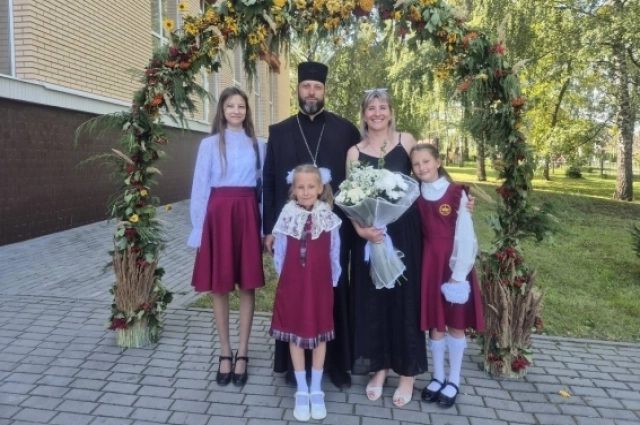 С младшими дочками Ксенией, Ириной и Екатериной.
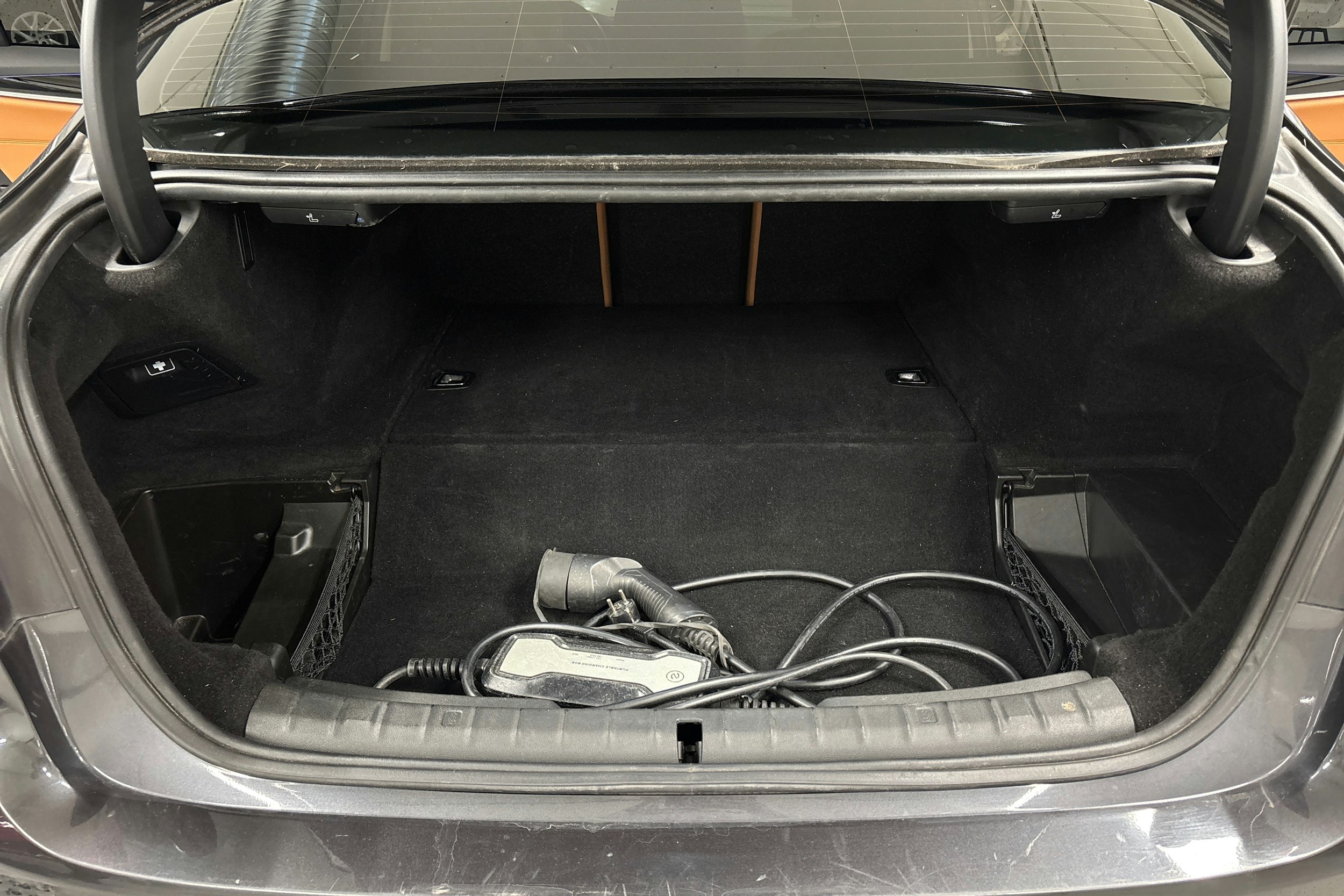 Harmaa BMW 530 2018 kuva 14.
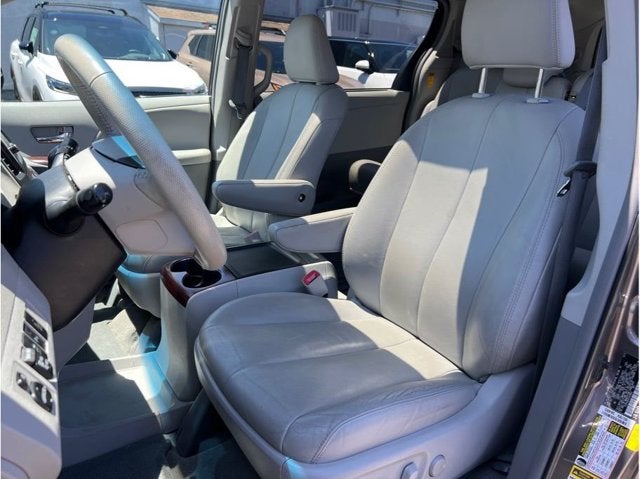 2014 Toyota Sienna XLE Minivan 4D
# # # # #
Task directions: Copy out the data verbatim, with no pictures.

Written reply:
 С младшими дочками Ксенией, Ириной и Екатериной.
 Harmaa BMW 530 2018 kuva 14.
 2014 Toyota Sienna XLE Minivan 4D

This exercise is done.